LUGANO - Giovane, simpatica, con tutta la vita davanti. Ci accoglie con un sorriso, Angela (nome di fantasia, ndr.), ma i suoi occhi non mentono. Una ferita nell’anima ha tentato infatti di toglierle, in modo definitivo, il respiro: la mancanza di lavoro. «Ho tentato di entrare nel mondo del lavoro in ogni modo – racconta durante la nostra chiacchierata –. Ma adesso non ce la faccio più. Mi sento una persona inutile». La storia di Angela potrebbe essere quella di molti ragazzi. Dopo una formazione commerciale il tanto atteso posto fisso non è mai arrivato. «Sono finita in disoccupazione, per poi piombare in assistenza. Dopo anni passati sulle spalle dei miei genitori, senza vedere una via di uscita lavorativa, sono caduta in depressione. Ho poi abusato di farmaci tentando di togliermi la vita. Ora sono in cura... penso solo a me stessa».
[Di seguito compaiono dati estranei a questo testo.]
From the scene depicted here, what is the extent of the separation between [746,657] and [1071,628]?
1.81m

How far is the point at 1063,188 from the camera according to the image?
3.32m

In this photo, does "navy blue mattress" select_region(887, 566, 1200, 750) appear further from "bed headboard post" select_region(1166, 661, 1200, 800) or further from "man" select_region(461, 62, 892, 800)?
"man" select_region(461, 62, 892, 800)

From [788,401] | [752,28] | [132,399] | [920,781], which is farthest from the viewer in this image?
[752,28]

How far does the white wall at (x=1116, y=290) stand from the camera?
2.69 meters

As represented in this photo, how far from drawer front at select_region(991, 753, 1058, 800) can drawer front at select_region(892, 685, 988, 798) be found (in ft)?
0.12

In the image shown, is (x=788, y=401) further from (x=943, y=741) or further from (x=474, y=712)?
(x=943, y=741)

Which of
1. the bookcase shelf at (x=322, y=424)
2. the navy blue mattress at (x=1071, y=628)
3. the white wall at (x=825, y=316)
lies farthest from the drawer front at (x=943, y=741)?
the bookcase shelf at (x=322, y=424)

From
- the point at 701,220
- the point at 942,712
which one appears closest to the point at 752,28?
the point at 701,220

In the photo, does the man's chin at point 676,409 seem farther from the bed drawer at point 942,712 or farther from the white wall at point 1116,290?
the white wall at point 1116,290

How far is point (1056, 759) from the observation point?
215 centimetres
Una statistica? Difficile da stilare – “Risulta complicato poter fare una stima dei casi di suicidio dovuti alla prolungata assenza dal mondo del lavoro dal momento che si tratta di un fenomeno multifattoriale, dove spesso è possibile ipotizzare diverse concause– spiega la psicologa del Laboratorio di psicopatologia del lavoro Eleonora Fontana –. A livello svizzero è stato però recentemente pubblicato uno studio dell’Università di Zurigo, condotto da Kawohl e colleghi, che ha potuto evidenziare un’associazione tra disoccupazione e tasso di suicidio, riscontrando che in Svizzera 150 casi di suicidio all’anno sono legati alla disoccupazione. Per quanto riguarda i casi seguiti dal Laboratorio di psicopatologia del lavoro, possiamo affermare di non essere mai stati confrontati finora con pazienti che si togliessero la vita o tentassero il suicido”.
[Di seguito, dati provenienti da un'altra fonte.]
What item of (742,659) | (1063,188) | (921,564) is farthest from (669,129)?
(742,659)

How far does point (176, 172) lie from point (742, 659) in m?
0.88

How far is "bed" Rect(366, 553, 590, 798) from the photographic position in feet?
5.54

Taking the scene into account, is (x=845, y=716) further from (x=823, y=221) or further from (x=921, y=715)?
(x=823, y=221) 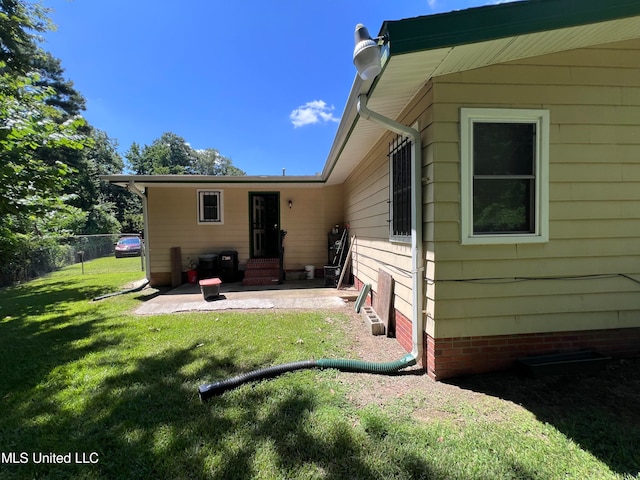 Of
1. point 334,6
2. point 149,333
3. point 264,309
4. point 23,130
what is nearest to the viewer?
point 149,333

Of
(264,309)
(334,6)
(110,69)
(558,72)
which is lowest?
(264,309)

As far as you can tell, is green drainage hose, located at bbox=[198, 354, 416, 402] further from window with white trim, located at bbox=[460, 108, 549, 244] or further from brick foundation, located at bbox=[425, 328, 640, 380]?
window with white trim, located at bbox=[460, 108, 549, 244]

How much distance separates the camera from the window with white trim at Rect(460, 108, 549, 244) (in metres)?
2.55

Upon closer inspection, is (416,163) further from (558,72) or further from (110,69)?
(110,69)

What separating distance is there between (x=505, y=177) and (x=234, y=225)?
22.8 feet

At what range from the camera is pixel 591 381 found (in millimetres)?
2473

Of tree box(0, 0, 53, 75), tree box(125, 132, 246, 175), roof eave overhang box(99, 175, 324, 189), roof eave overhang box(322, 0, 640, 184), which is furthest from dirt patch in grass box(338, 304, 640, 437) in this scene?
tree box(125, 132, 246, 175)

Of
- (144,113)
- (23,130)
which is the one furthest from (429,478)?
(144,113)

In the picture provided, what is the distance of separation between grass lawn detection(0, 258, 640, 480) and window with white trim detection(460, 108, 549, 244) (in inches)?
53.2

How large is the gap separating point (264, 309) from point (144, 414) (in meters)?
2.95

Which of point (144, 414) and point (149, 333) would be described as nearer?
point (144, 414)

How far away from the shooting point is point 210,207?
8.17 meters

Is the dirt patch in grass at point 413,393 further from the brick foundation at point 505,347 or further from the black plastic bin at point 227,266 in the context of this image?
the black plastic bin at point 227,266

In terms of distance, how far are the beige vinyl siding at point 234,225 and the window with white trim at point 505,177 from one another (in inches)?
233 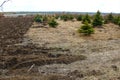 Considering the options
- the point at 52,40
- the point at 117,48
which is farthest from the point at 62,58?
the point at 52,40

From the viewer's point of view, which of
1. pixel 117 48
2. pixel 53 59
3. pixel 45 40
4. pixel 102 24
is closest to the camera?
pixel 53 59

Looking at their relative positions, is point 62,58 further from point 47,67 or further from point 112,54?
point 112,54

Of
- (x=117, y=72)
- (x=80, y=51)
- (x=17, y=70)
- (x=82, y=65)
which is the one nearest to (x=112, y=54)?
(x=80, y=51)

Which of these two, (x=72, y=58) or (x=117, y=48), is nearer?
(x=72, y=58)

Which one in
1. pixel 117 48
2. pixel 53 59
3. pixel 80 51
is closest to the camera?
pixel 53 59

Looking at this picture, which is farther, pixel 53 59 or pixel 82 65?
pixel 53 59

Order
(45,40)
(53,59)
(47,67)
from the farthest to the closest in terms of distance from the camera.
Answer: (45,40)
(53,59)
(47,67)

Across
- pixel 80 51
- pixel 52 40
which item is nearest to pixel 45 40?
pixel 52 40

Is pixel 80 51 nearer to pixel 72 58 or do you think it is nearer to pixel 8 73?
pixel 72 58

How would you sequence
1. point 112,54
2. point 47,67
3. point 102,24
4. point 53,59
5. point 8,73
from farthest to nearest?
point 102,24, point 112,54, point 53,59, point 47,67, point 8,73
Senza lavoro, la psiche si “inceppa” - «La perdita di un impiego e la difficoltà di rientrare nel mondo del lavoro – sostiene sempre la dottoressa Fontana – non comportano solo una perdita in termini economici. Spesso implica delle conseguenze sia sulla salute psico-fisica della persona che sulle sue relazioni sociali e famigliari. La persona tende a sviluppare vissuti di disistima e fallimento, che possono manifestarsi attraverso una sintomatologia ansioso-depressiva, un abuso di sostanze, o sintomi psicosomatici. Tali conseguenze rischiano di essere gravi soprattutto nei casi in cui la persona ha investito molto sul posto di lavoro (perdendo con esso quindi anche la propria identità), quando non può contare su una buona rete sociale di supporto e ha magari già una certa età. Ciò può causare una grande sofferenza e non si può escludere che la persona compia un atto come il suicidio».
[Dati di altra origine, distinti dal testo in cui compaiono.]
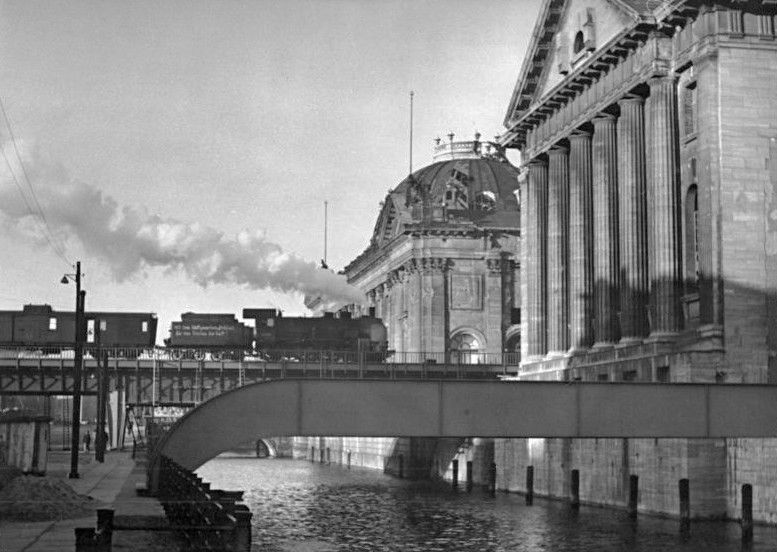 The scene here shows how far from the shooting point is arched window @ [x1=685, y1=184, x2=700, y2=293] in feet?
189

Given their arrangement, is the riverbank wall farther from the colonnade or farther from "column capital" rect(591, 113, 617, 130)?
"column capital" rect(591, 113, 617, 130)

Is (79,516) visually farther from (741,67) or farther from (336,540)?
(741,67)

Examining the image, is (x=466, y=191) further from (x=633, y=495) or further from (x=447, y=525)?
(x=447, y=525)

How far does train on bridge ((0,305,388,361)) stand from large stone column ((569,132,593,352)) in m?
32.2

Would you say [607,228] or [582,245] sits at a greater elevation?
[607,228]

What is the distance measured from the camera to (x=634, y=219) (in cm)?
6275

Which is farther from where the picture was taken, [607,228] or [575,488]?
[607,228]

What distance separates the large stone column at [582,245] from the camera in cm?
6969

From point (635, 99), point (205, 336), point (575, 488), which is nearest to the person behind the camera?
point (635, 99)

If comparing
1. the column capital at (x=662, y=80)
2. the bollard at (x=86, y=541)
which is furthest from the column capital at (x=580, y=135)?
the bollard at (x=86, y=541)

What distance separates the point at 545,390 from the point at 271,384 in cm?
894

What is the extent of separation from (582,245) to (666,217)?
37.1ft

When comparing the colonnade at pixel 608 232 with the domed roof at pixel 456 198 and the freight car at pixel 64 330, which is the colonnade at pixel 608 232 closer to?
the freight car at pixel 64 330

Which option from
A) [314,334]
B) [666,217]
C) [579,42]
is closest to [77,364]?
[666,217] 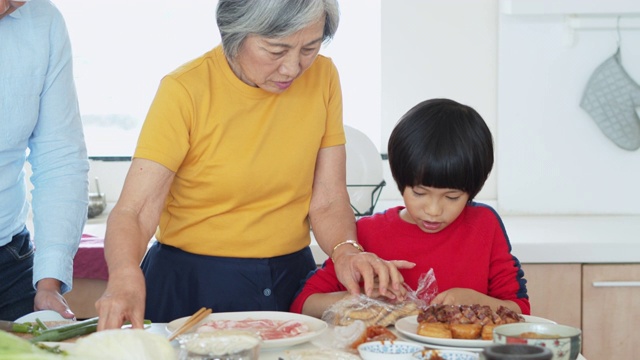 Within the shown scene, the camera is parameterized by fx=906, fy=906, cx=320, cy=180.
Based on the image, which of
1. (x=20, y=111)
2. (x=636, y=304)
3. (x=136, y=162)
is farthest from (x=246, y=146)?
(x=636, y=304)

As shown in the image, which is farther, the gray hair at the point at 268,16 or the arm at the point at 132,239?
the gray hair at the point at 268,16

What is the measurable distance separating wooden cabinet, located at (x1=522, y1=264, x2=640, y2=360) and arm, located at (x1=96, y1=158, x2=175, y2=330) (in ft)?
4.47

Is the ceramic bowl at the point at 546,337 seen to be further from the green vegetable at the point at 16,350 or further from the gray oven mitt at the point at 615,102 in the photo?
the gray oven mitt at the point at 615,102

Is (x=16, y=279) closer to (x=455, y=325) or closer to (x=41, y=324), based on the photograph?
(x=41, y=324)

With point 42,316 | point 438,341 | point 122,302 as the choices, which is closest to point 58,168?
point 42,316

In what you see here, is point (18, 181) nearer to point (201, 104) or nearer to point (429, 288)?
point (201, 104)

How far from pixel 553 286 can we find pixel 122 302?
1.61 metres

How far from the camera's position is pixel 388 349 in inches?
56.7

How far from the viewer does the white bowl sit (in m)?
1.40

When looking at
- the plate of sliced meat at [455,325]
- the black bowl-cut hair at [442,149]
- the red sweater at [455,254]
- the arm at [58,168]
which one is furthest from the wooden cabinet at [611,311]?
the arm at [58,168]

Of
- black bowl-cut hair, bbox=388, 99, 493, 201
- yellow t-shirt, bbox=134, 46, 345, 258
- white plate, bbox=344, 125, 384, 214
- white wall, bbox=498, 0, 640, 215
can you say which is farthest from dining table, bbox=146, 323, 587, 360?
white wall, bbox=498, 0, 640, 215

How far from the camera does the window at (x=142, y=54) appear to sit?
3.40m

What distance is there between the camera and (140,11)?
3.47 meters

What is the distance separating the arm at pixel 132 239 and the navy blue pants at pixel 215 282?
18 cm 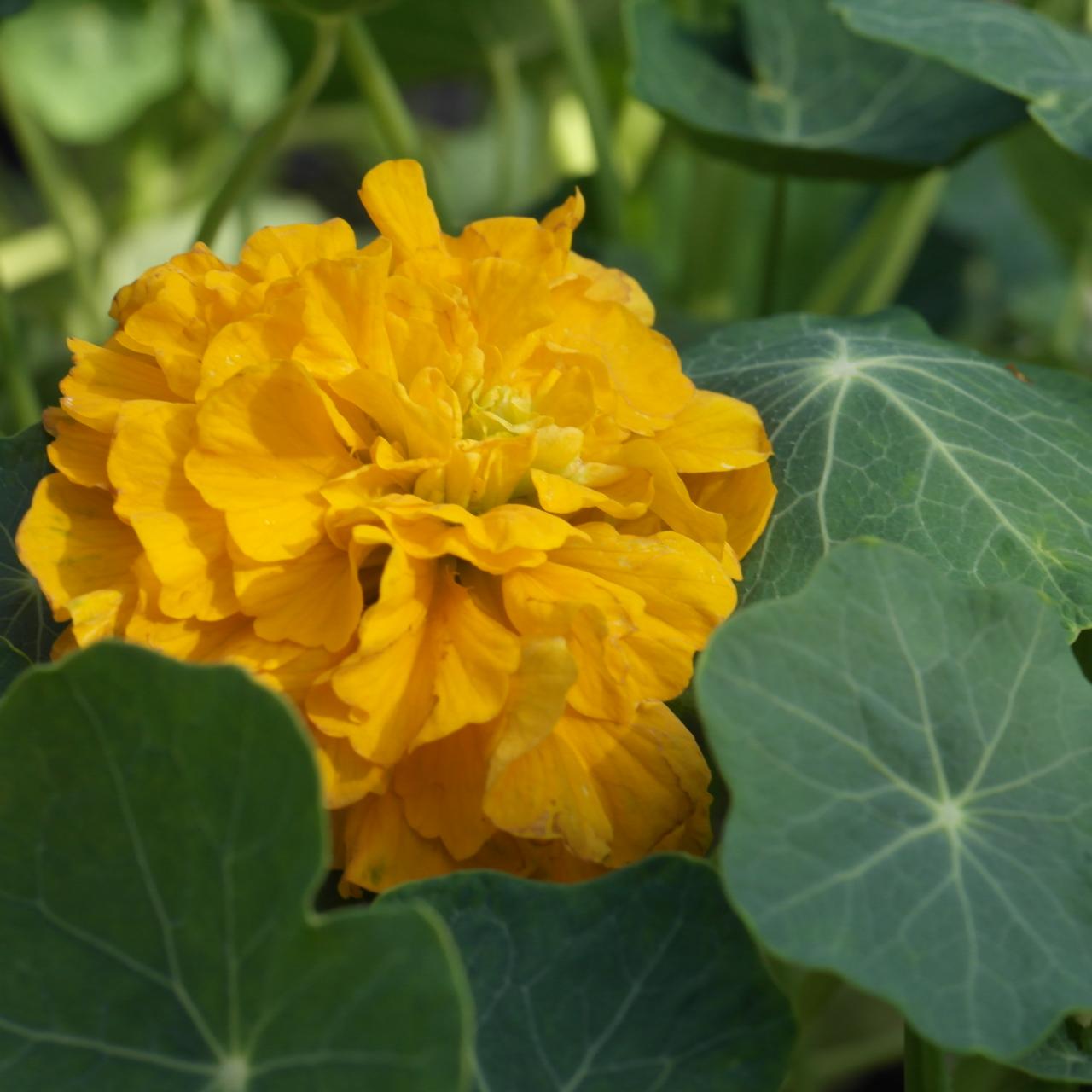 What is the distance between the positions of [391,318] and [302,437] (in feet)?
0.19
Chiedere aiuto il prima possibile – “Chiedere un sostegno risulta molto importante proprio nell’ottica di poter prevenire la cronicizzazione del disagio psicologico. Il laboratorio di psicopatologia del lavoro si rivolge proprio a tutte le persone che manifestano una sofferenza psichica o che presentano problemi sociali, famigliari, economici e legali a causa di una situazione lavorativa problematica quale disoccupazione, precarietà, conflittualità sul posto di lavoro, mobbing, molestie, burnout, stress e licenziamento. Spesso siamo confrontati con dei casi in cui la persona si rivolge al nostro servizio quando la situazione si è già cronicizzata nel tempo, un consiglio che ci sentiamo di dare è quindi quello di chiedere aiuto il prima possibile”.